Count number of genes in genome

cd /data/putnamlab/tconn/predict_results

awk '$3 == "gene"' Acropora_pulchra.gff3 | wc -l
44371

cut -f 3 Acropora_pulchra.gff3 | sort | uniq
CDS
exon
gene
mRNA
tRNA

for reference: https://github.com/hputnam/Meth_Compare?tab=readme-ov-file

20241203

Talked with Ross and Trinity last week to discuss figures and tables to include in the paper. Meeting summary (by Trinity):

  • We agreed that I will take over the bulk of responsibility for writing the draft, with Jill & I listed as Co-First Authors
  • Our first deadline will be December 6th – I will have a rough draft prepared in the overleaf and will let everyone know when that’s done!
  • We will drop figures and such in the shared github – Jill and I will also keep in contact

Figures

  • image of pulchra + sampling/geographic distribution (Trinity)
  • potential Busco scores (Jill + whatever Trinity can help with!)
  • repeat content distribution (Trinity)
  • bioanalyzer result/sequence quality statistics (Supplementary?) Tables
  • comparison assembly statistics to sanger A.palmata & A.cervicornis, and A.digitifera & A.millepora genomes (Jill)
  • description of structural + functional annotation & comparison to other Acropora assemblies (Trinity)

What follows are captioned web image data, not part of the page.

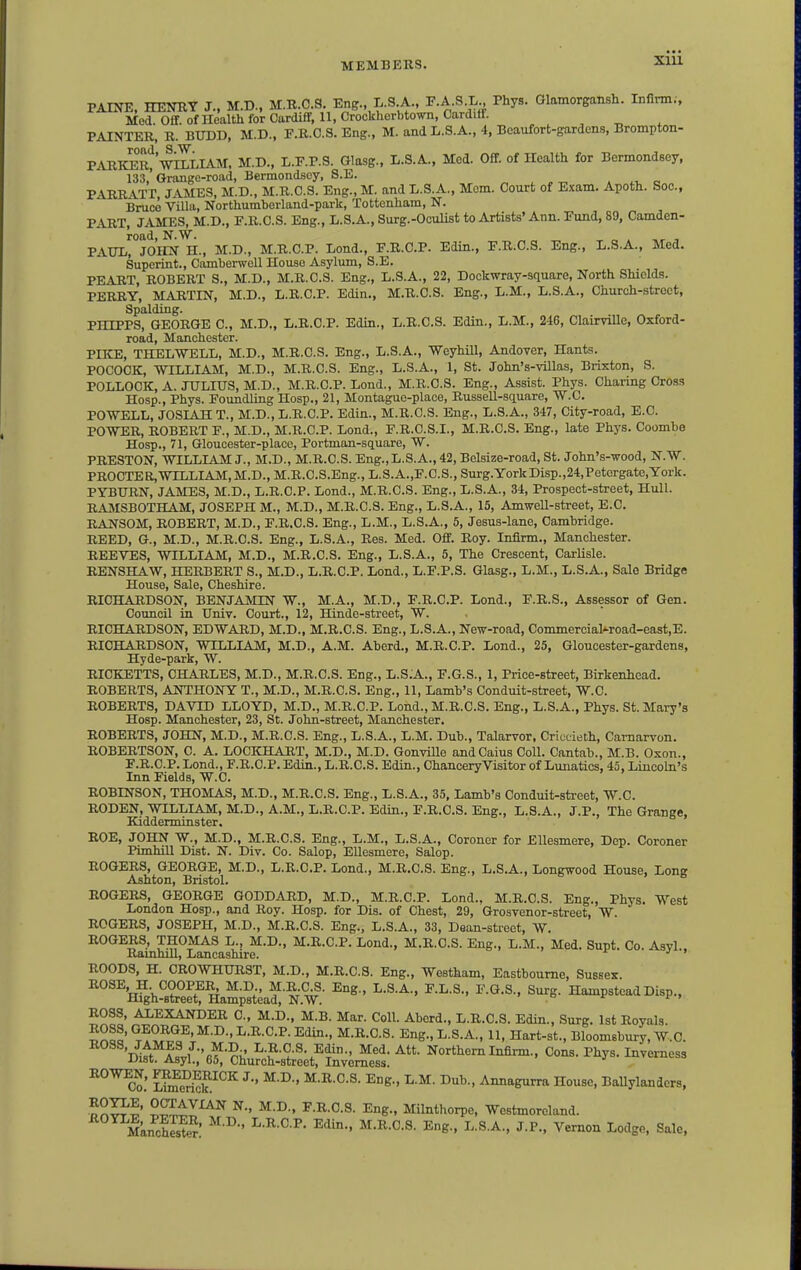 PAINE, HENRY J.. M.D., M.R.O.S. Eng., L.S A., T.A.S.L Phys. Glamorgamh. Infinn., Med. Off. ofHealth for Cardiff, 11, Crockherbtown,CardilF. , , ^ , PAINTER, R. BUDD, M.D., F.R.C.S. Eng., M. and L.S.A., 4, Beaufort-gardens, Brompton- PARIO^r'J WILLIAM, M.D., L.F.P.S. Glasg., L.S.A., Med. Off. of Health for Bermondeey, 133,' Grange-road, Bermondsoy, S.E. . . v e PARRATT, JAMES, M.D., M.R.O.S. Eng., M. and L.S.A., Mem. Court of Exam. Apoth. Soc., Bruce Villa, Northumberland-park, Tottenham, N. PART, JAMES, M.D., F.R.C.S. Eng., L.S.A., Surg.-Oculist to Artists' Ann. Fund, 89, Camden- PAULrJOIIN H., M.D., M.R.C.P. Lond., F.R.C.P. Edin., F.R.C.S. Eng., L.S.A., Med. Superint., Camberwell Houso Asylum, S.E. PEART, ROBERT S., M.D., M.R.C.S. Eng., L.S.A., 22, Dockwray-square, North Shields. PERRY, MARTIN, M.D., L.R.C.P. Edin., M.R.C.S. Eng., L.M., L.S.A., Church-street, Spalding. PHIPPS, GEORGE C, M.D., L.R.C.P. Edin., L.B.C.S. Edin., L.M., 246, Clairville, Oxford- road, Manchester. PIKE, THELWELL, M.D., M.R.C.S. Eng., L.S.A., Weyhill, AndOTSr, Hants. POCOCK, WILLIAM, M.D., M.R.C.S. Eng., L.S.A., 1, St. John's-villas, Brixton, S. POLLOCK, A. JULIUS, M.D., M.R.C.P. Lond., M.R.O.S. Eng., Assist. Phys. Charing Cross Hosp., Phys. Foundling Hosp., 21, Montague-place, Russell-sauare, W.C. POWELL, JOSIAH T., M.D., L.R.C.P. Edin., M.R.C.S. Eng., L.S.A., 347, City-road, E.G. POWER, ROBERT F., M.D., M.R.C.P. Lond., F.R.C.S.I., M.R.C.S. Eng., late Phys. Coombe Hosp., 71, Gloucester-place, Portman-square, W. PRESTON, WILLIAM J., M.D., M.R.C.S. Eng.,L.S.A.,42, Belsize-road, St. John's-wood, N.W. PROCTER,WILLIAM,M.D., M.R.C.S.Eng., L.S.A.,F.C.S., Surg.YorkDisp.,24,Petorgate,York. PYBURN, JAMES, M.D., L.R.C.P. Lend., M.R.C.S. Eng., L.S.A., 34, Prospect-street, Hull. RAMSBOTHAM, JOSEPH M., M.D., M.R.C.S. Eng., L.S.A., 15, AmweU-street, E.C. RANSOM, ROBERT, M.D., F.R.C.S. Eng., L.M., L.S.A., 5, Jesus-lane, Cambridge. REED, G., M.D., M.R.C.S. Eng., L.S.A., Res. Med. Off. Roy. Infirm., Manchester. REEVES, WILLIAM, M.D., M.R.C.S. Eng., L.S.A., 5, The Crescent, Carlisle. RENSHAW, HERBERT S., M.D., L.R.C.P. Lond., L.F.P.S. Glasg., L.M., L.S.A., Sale Bridge House, Sale, Cheshire. RICHARDSON, BENJAMIN W., M.A., M.D., F.R.C.P. Lond., F.B.S., Assessor of Gen. Council in Univ. Court., 12, Hinde-street, W. RICHARDSON, EDWARD, M.D., M.R.C.S. Eng., L.S.A., New-road, Commercial'-road-east,E. RICHARDSON, WILLIAM, M.D., A.M. Aberd., M.R.C.P. Lond., 25, Gloucester-gardens, Hyde-park, W. RICKETTS, CHARLES, M.D., M.R.C.S. Eng., L.S.A., F.G.S., 1, Price-street, Birkenhead. ROBERTS, ANTHONY T., M.D., M.R.C.S. Eng., 11, Lamb's Conduit-street, W.C. ROBERTS, DAVID LLOYD, M.D., M.R.C.P. Lond., M.R.C.S. Eng., L.S.A., Phys. St. Mary's Hosp. Manchester, 23, St. John-street, Manchester. ROBERTS, JOHN, M.D., M.R.C.S. Eng., L.S.A., L.M. Dub., Talarvor. Crictieth, Carnarvon. ROBERTSON, C. A. LOCKHART, M.D., M.D. Gonvillo andCaius Coll. Cantab., M.B. Oxon., F.R.C.P. Lond., F.R.C.P. Edin., L.R.C.S. Edin., ChanceryVisitor of Liuiatics, 45, Lincoln's Inn Fields, W.C. ROBINSON, THOMAS, M.D., M.R.C.S. Eng., L.S.A., 35, Lamb's Conduit-street, W.C. RODEN, WILLIAM, M.D., A.M., L.R.C.P. Edin., F.R.C.S. Eng., L.S.A., J.P., The Grange, Kidderminster, ROE, JOHN W., M.D., M.R.C.S. Eng., L.M., L.S.A., Coroner for EUesmere, Dep. Coroner Pimhill Dist. N. Div. Co. Salop, EUesmere, Salop. ROGERS, GEORGE, M.D., L.R.C.P. Lond., M.R.C.S. Eng., L.S.A., Longwood House, Long Ashton, Bristol. ROGERS, GEORGE GODDARD, M.D., M.R.C.P. Lond., M.R.C.S. Eng., Phys. West London Hosp., and Roy. Hosp. for Dis. of Chest, 29, Grosvenor-street, W. ROGERS, JOSEPH, M.D., M.R.C.S. Eng., L.S.A., 33, Dean-street, W. ROGERS, THOMAS L., M.D., M.R.C.P. Lond., M.R.O.S. Eng., L.M., Med. Sunt. Co. Asvl Ramhill, Lancashire. ^ ■' ROODS, H. CROWHURST, M.D., M.R.C.S. Eng., Westham, Eastbourne, Sussex. ^-p«'-^^-p-' ROSS, ALEXANDER C, M.D., M.B. Mar. Coll. Aberd., L.R.C.S. Edin., Surg. 1st Royals Inll' °T^?.^Jf' ^S; L.S.A., 11, Hart-st., Bloomsbury, W.C. ROSS, JAMES J., M.D L.R.C.S. Edin., Med. Att. Northern Infirm., Cons. Phys. Inverness JJist. Asyl., G5, Church-street, Inverness. BOWEN, FMIDERICK J., M.D., M.R.C.S. Eng., L.M. Dub., Annagurra House, BaUylanders, •on^^' SSI^^^^^ ^■' ^•^•' ^-li-O-S- Eng., Milnthorpe, Westmoreland. MkncfS ^^^^ ^K- J-P- Vernon Lodge, Sale.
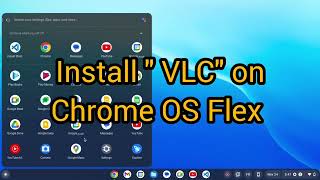 how to install VLC on chromeOS Flex #vlc #chromeosflex screenshot 5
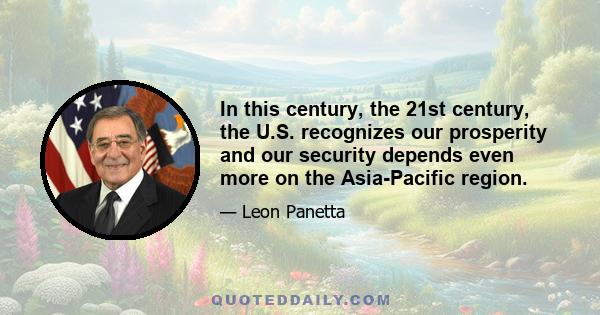 In this century, the 21st century, the U.S. recognizes our prosperity and our security depends even more on the Asia-Pacific region.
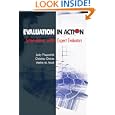 Evaluation in Action: Interviews With Expert Evaluators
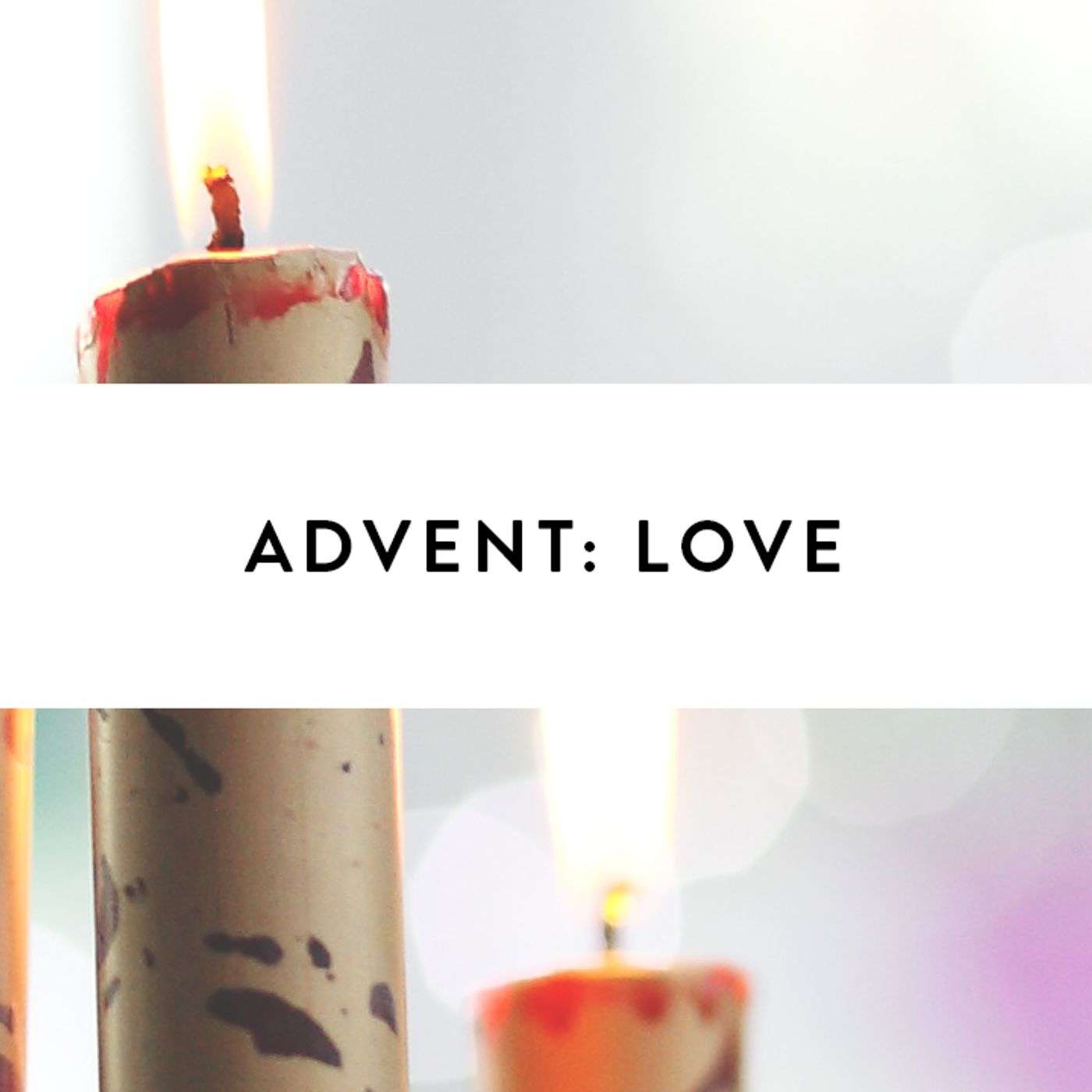 Advent: Loving our Family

Other tasks for Jill & Trinity

  • Jill & Trinity: do more literature searches on use of pacbio for detection of methylation data to provide context for Jill’s methylation analysis
  • Jill & Trinity: think a little more about whether we want to include any other non-acroporids in genome comparison

Trinity recently reran busco on our masked genome and it looks beautiful! 96.6% completeness! I now need to run busco on the other genomes to compare completeness. We decided to look at Amillepora, Adigitifera, Acervicornis, and Apalmata (see table).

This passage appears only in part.